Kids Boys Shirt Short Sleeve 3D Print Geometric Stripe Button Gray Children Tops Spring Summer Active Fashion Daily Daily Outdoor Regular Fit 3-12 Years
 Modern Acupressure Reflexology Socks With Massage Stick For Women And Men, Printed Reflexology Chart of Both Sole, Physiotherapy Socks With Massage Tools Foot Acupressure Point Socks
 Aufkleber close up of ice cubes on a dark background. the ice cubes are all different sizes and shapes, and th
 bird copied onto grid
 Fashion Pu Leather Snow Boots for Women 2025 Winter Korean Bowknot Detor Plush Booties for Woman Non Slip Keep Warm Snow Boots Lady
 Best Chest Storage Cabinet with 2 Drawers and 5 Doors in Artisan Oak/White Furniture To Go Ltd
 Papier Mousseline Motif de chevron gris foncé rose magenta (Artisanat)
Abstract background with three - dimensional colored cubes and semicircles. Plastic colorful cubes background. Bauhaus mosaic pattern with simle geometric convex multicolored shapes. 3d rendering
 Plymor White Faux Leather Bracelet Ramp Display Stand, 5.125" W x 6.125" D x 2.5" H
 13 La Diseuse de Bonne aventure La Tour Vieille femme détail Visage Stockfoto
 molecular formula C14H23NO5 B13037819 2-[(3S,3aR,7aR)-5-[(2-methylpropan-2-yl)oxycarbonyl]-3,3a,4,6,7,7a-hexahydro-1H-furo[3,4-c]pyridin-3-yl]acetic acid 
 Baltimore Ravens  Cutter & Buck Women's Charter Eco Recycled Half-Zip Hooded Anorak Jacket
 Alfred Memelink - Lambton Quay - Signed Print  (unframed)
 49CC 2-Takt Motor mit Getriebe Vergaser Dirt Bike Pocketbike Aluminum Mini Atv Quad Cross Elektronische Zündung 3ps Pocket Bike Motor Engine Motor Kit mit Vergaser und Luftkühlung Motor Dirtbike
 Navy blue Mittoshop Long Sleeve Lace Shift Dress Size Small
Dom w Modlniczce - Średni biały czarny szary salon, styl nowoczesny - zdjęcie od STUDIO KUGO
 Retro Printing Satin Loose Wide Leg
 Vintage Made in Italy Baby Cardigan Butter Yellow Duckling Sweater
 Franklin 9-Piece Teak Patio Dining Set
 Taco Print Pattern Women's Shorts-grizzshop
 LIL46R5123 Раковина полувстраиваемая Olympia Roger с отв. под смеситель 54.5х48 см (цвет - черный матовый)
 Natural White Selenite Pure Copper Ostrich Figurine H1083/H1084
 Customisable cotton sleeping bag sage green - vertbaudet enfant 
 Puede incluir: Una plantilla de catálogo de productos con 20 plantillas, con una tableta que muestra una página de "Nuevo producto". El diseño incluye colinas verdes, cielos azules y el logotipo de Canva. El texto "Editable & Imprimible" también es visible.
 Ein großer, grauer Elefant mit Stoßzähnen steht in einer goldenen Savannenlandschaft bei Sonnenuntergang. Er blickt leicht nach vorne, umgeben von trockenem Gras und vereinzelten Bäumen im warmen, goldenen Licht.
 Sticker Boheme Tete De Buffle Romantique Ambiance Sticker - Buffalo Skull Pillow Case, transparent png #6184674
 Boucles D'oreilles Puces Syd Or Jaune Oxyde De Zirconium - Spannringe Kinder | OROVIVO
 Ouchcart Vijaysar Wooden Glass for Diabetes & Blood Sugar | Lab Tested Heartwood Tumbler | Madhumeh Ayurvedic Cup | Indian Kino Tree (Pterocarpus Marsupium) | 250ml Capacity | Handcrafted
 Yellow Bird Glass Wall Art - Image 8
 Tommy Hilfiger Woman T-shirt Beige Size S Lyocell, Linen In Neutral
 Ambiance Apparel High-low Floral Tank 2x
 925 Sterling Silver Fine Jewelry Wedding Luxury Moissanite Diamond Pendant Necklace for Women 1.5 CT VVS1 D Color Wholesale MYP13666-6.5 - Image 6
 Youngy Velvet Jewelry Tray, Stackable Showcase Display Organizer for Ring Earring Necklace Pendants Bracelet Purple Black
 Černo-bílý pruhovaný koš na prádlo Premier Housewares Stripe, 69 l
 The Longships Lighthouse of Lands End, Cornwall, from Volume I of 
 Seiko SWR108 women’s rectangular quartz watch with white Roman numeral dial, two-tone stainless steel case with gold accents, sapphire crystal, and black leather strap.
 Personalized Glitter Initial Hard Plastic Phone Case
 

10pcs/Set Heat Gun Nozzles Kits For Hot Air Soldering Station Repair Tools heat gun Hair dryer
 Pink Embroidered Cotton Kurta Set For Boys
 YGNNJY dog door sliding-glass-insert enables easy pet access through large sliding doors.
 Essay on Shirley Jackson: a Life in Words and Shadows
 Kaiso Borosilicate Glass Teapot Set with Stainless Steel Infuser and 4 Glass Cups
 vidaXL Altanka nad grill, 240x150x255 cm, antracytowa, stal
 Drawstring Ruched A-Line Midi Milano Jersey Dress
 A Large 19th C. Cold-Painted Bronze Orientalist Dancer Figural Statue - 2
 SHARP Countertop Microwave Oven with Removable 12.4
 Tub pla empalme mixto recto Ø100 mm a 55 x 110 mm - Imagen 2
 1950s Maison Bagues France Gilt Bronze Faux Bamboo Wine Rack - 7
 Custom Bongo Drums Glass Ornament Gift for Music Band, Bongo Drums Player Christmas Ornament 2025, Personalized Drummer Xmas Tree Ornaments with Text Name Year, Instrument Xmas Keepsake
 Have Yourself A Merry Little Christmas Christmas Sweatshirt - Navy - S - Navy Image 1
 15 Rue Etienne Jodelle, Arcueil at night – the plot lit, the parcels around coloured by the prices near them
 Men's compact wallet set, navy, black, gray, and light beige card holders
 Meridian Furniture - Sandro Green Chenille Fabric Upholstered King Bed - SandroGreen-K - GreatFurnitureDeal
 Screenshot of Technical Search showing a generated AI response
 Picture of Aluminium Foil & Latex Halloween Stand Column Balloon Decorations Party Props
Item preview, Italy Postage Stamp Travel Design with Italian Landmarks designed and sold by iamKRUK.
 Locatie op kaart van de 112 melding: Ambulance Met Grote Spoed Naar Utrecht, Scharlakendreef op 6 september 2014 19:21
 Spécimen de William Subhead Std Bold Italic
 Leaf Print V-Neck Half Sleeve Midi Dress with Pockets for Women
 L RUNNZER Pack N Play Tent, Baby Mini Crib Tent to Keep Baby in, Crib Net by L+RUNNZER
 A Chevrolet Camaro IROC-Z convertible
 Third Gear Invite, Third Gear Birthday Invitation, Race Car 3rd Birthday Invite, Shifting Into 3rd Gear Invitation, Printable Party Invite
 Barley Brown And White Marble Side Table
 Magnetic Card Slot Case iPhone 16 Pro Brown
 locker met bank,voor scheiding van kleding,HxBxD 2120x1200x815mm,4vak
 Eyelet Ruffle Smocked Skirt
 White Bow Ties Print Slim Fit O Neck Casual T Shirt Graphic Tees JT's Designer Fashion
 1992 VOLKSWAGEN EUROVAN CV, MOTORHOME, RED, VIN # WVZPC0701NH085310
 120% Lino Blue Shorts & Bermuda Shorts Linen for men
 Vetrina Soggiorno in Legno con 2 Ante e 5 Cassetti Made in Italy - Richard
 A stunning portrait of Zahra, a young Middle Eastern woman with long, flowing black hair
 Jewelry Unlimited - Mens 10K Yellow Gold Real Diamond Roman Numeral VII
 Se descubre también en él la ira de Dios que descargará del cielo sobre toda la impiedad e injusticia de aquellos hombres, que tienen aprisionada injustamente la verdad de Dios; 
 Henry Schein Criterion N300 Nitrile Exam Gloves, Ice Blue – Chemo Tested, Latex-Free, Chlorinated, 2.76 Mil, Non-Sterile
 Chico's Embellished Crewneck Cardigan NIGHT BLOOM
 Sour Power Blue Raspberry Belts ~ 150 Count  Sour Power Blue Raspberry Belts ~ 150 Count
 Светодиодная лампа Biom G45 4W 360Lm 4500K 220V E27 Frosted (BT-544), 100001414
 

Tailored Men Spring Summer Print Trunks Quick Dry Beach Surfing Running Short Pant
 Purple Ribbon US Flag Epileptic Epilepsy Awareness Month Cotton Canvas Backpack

━━━━━━━━━━━━━━━━━━━━━━━━━━━━━━

> **EXERCISE DIRECTIONS**: Tally every line of the data that holds the word "Personalized" and write the count alone.

> **RESULT OF THE TASK**: 2